If you take out a monthly subscription then usually works out cheaper, so the postage is less/almost free.

Example hasbean sub is £7ish a month for a bag delivered


----------



## Bacms (Jul 25, 2019)

Either that or do a large order and then freeze the beans. I do remember some recommendations of supermarket beans but think they are only available on waitrose and sainsbury

Sent from my SM-G950F using Tapatalk


----------



## Mrboots2u (May 10, 2013)

It's not my preference of roaster but Order some Dark stuff from coffee compass as least you'll get it with a week of roast date, it will be close you your preference .. And some of it is £15 a kilo which is as cheap as your supermarket stuff.


----------



## Junglebert (Jan 7, 2019)

Some roasters don't charge extra for delivery, Crankhouse and Django to name but two.


----------



## cold war kid (Mar 12, 2010)

Personally, the only supermarket bean that I've found acceptable is Illy medium roast. I've tried lots of others, especially when recommended by people on this forum and they've all been poor to awful, especially the dreadful Aldi beans a few people were raving about a while ago, but as you say, taste is subjective. I've tried Lavazza Rosa and didn't like that.

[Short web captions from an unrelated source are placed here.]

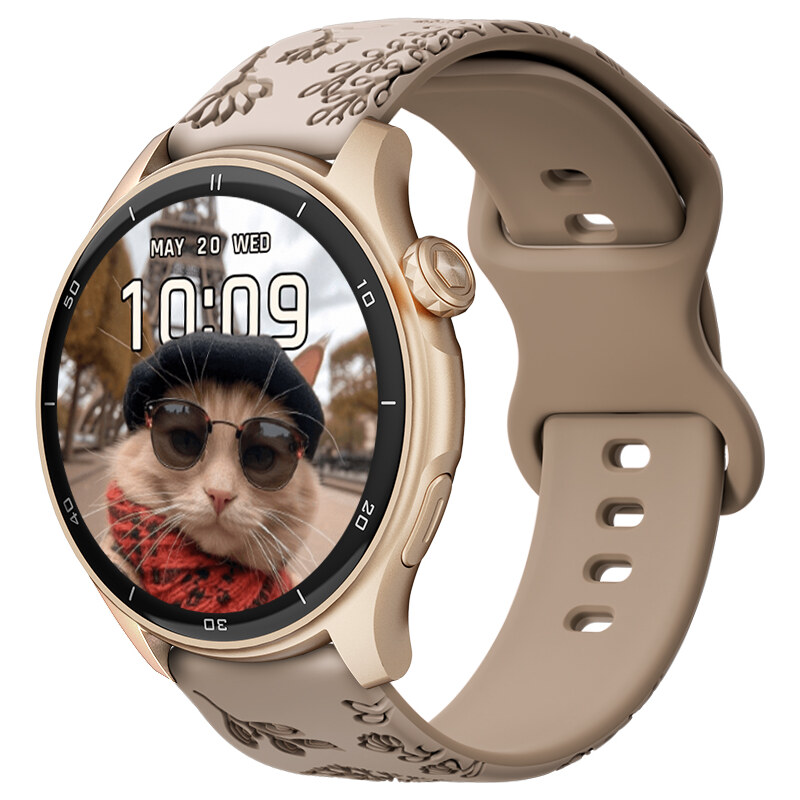Chytré hodinky Madvell Talon 2 s GPS a bluetooth voláním pudrově zlaté se silikonovým řemínkem pampeliška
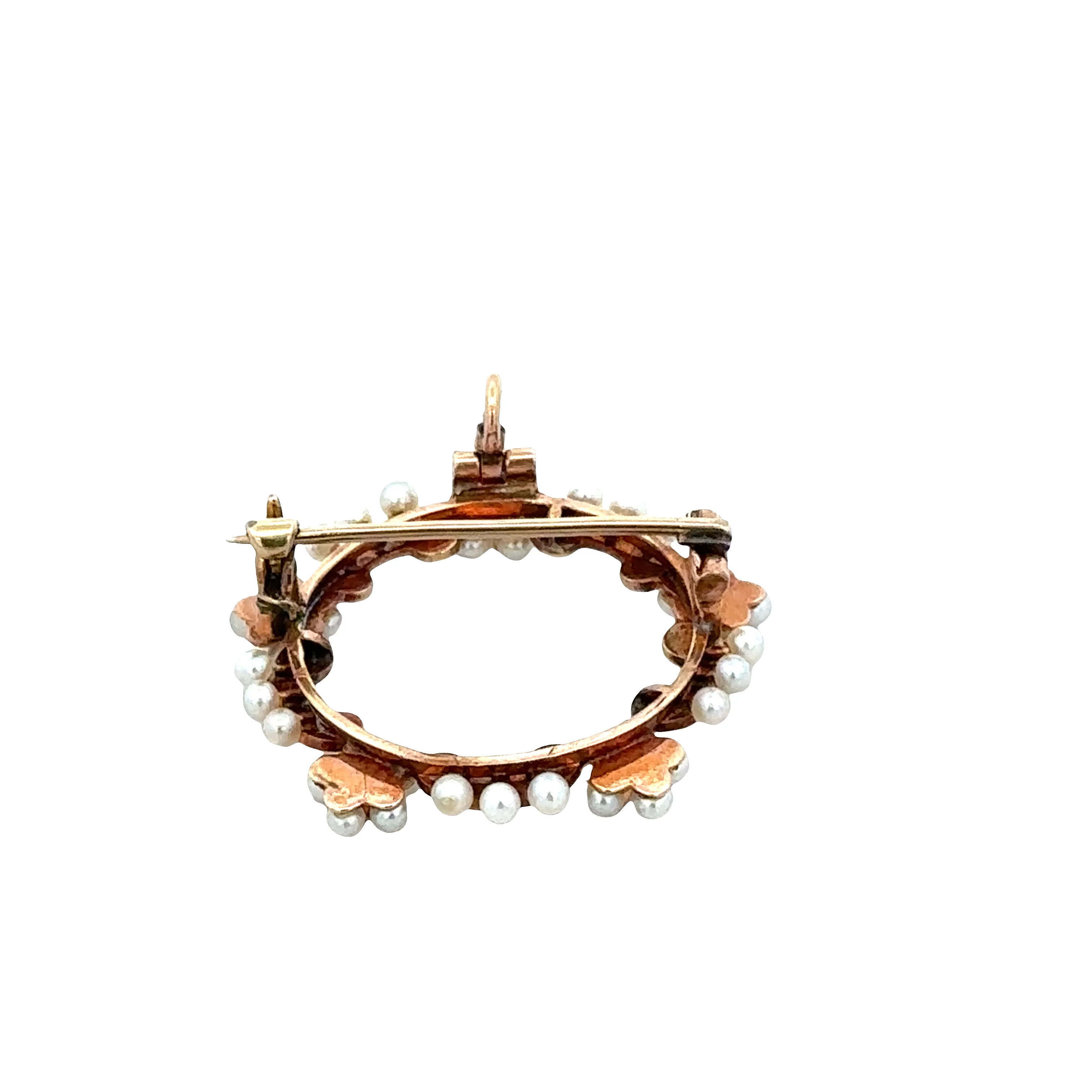 Antique Victorian 12k Yellow Gold Seed Pearl & Diamond Convertible Brooch/Pendant – Circa 1890s - Image 4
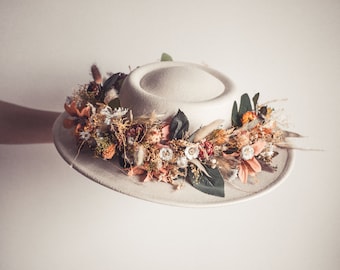 Yellow Dried Flower wedding hat / white ivory fedora hat / summer dried flower crown / bridal crown/ boho tiara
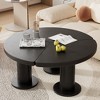 Lyngins 39.4" Cream Coffee Table with Petal-Shaped Circular Top & Sturdy Chunky Legs, Minimalist Irregular Tea Table with Sleek Round Edges - 2 of 4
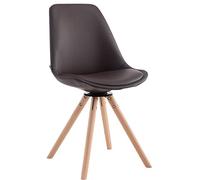 Chaise Scandinave Calais Similicuir Pieds Bois De Hêtre Ronds I Chaise Pivotante avec Dossier I Chaise Design Retro, Couleur:Marron, Couleur du Cadre:Natura
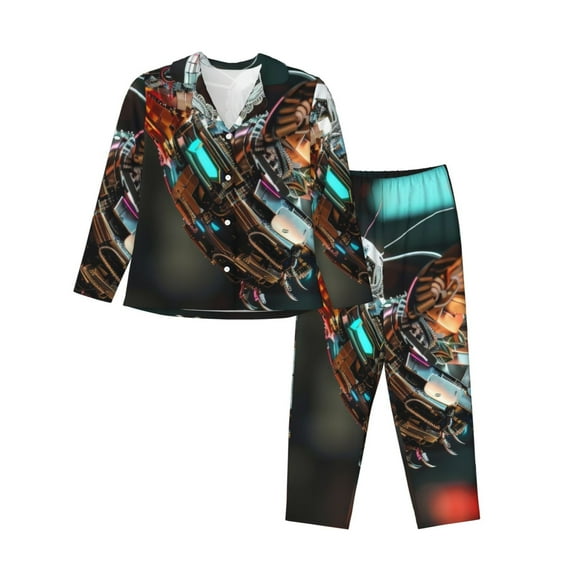 Saiise Futuristic Robot Hummingbird Print Women Soft Pajama Sets,Long Sleeve Sleepwear Button Up 2-Piece Pjs Lounge Sets-Small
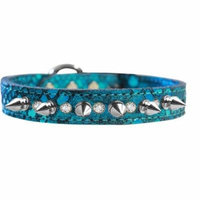Silver Spike And Clear Crystal Dragon Skin Genuine Leather Dog Collar Blue Size 14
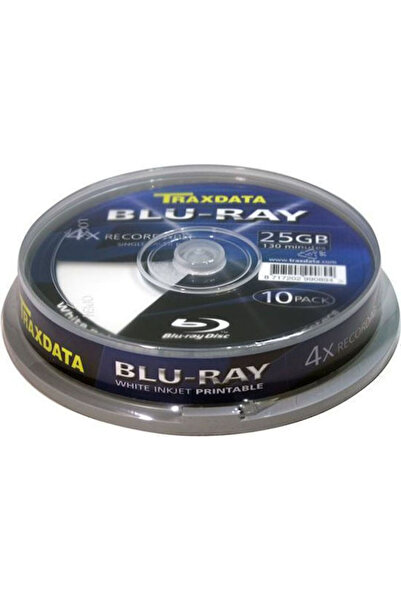 Traxdata Disc BD-R înregistrabili 4x 25GB, cutie tip cake box, 10 bucăți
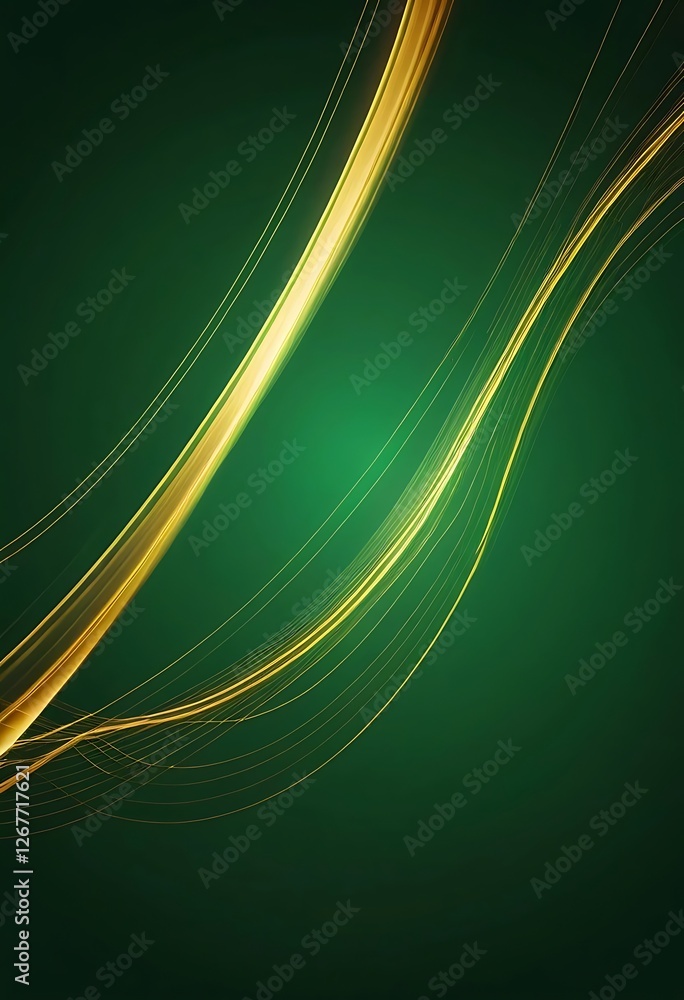 Poster golden streams, dynamic luminous flow on emerald green background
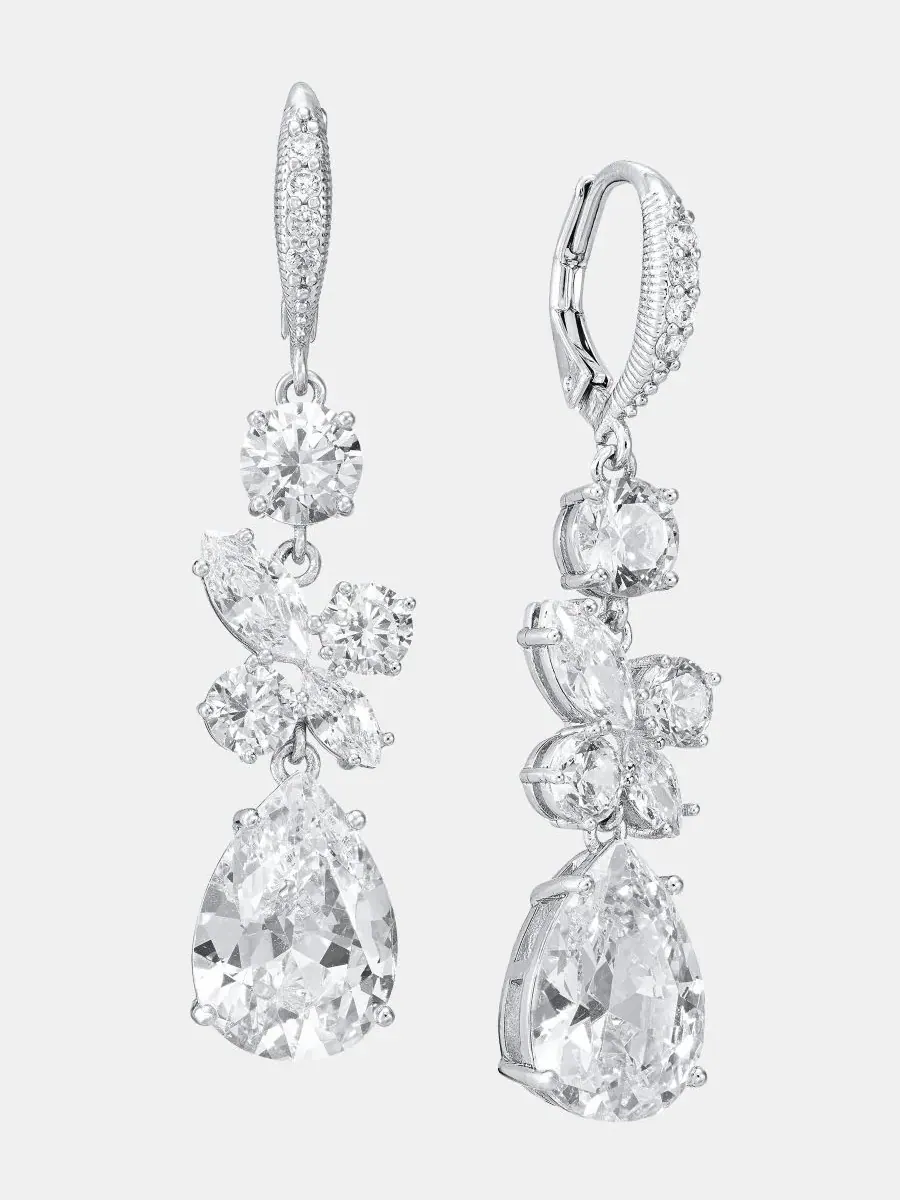 Тройные серьги-подвески с кубическим цирконием Givenchy — изображение 2 из 4, оттенок серебряный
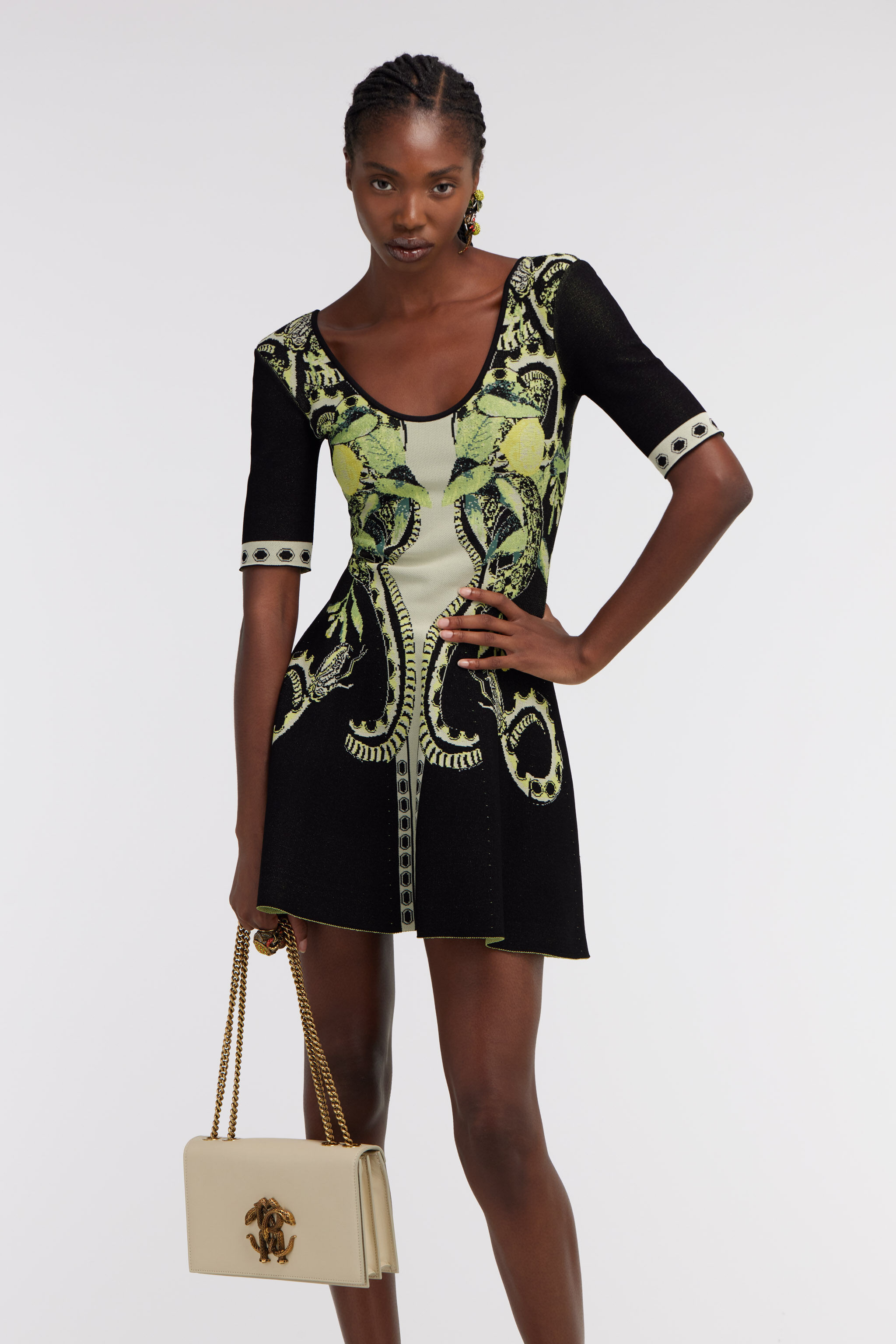 RC Lemon print knit dress Negro SKM113-MI150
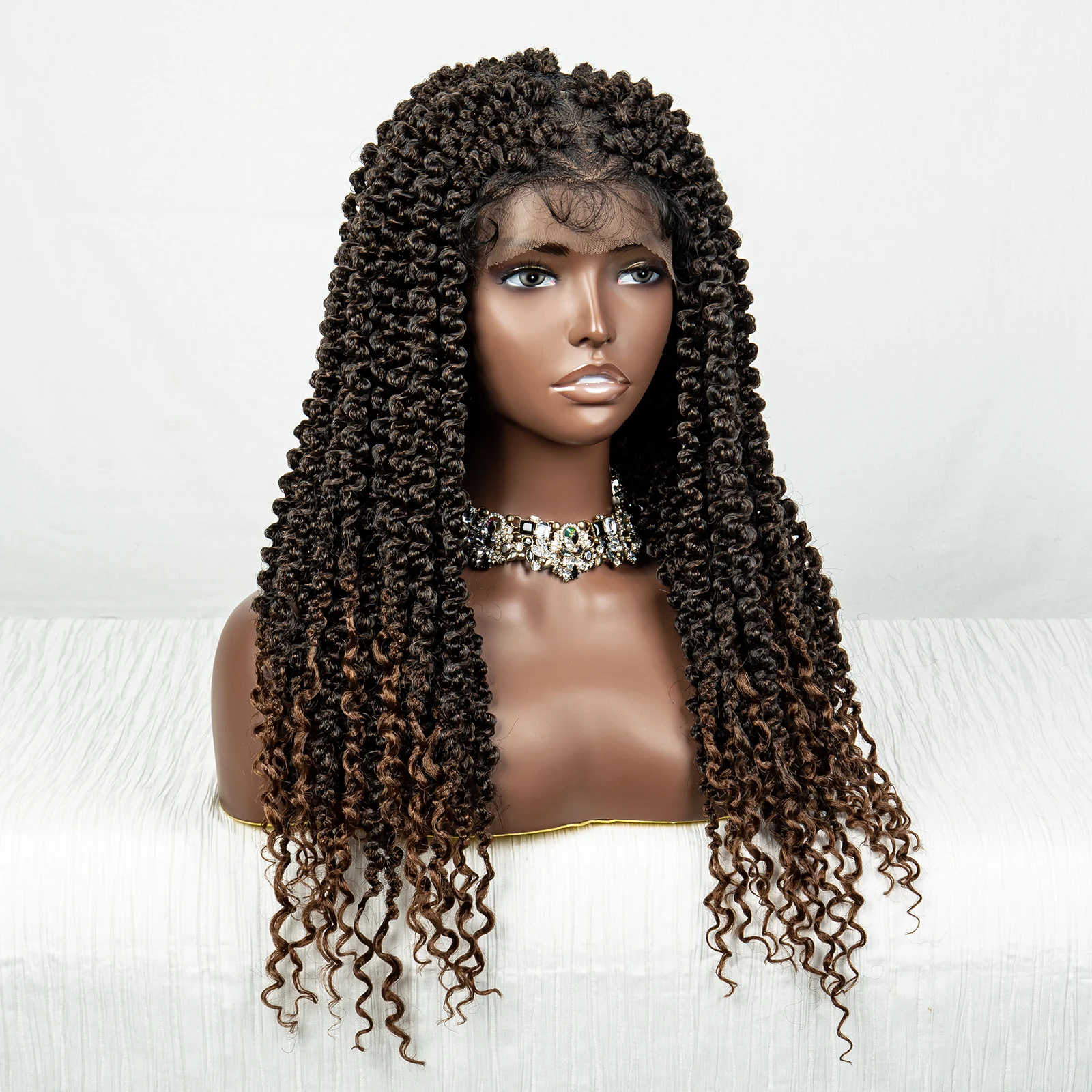 Hightlight Curly HD Full Lace Braided Wigs Synthetic Knotless Box Braids Wigs with Baby Hair for Women Braided Lace Front Wigs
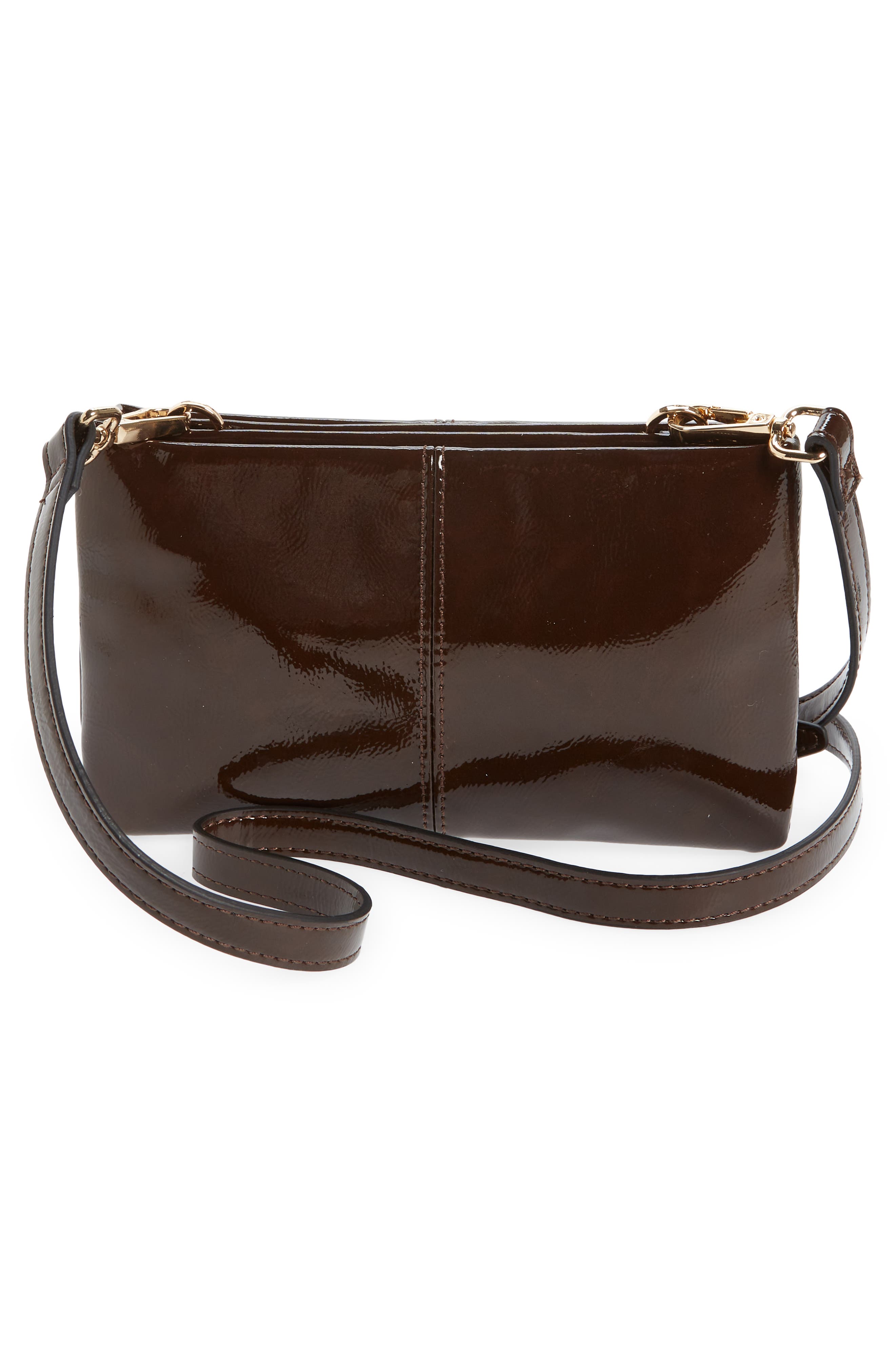 Caitlin Patent Faux Leather Crossbody Bag, Alternate, color, BROWN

If you're so far away from a wide selection, maybe a subscription would be good as mentioned above. Dog&hat do a varied one using different roasters every month. It's 2 bags for £17 I think. If that's too expensive or too much coffee to use in the month maybe Hasbean or one of the other roasters subs could suit you better.

One thing I'd avoid is going down the bulk buy and freeze for months option. I've never found freezing has anything but a small effect on retaining freshness, although that is opening a can of worms on this forum.


----------



## cold war kid (Mar 12, 2010)

What do you mean by Italian roast?

A lot of the better Italian roasters tend to now roast light to medium, but in Britain it's often a word use to describe a very dark and oily roast which most speciality roasters avoid. Coffee Compass and Roberts&co are two exceptions off the top of my head.


----------



## Blaven (Mar 24, 2019)

Coop Italian Style Fairtrade Coffee Beans. Yes, they're dark and oily. I did admit to having unsophisticated tastes. They are not unpleasant.


----------



## cold war kid (Mar 12, 2010)

Blaven said:


> Coop Italian Style Fairtrade Coffee Beans. Yes, they're dark and oily. I did admit to having unsophisticated tastes. They are not unpleasant.


 You like what you like, we're all different. I'd look at Roberts and Co. They've been around for probably over 100 years and have nailed the more traditional approach in their blends, even I like the lighter ones ( still very dark). That' the blends, I'm not sure about single origin.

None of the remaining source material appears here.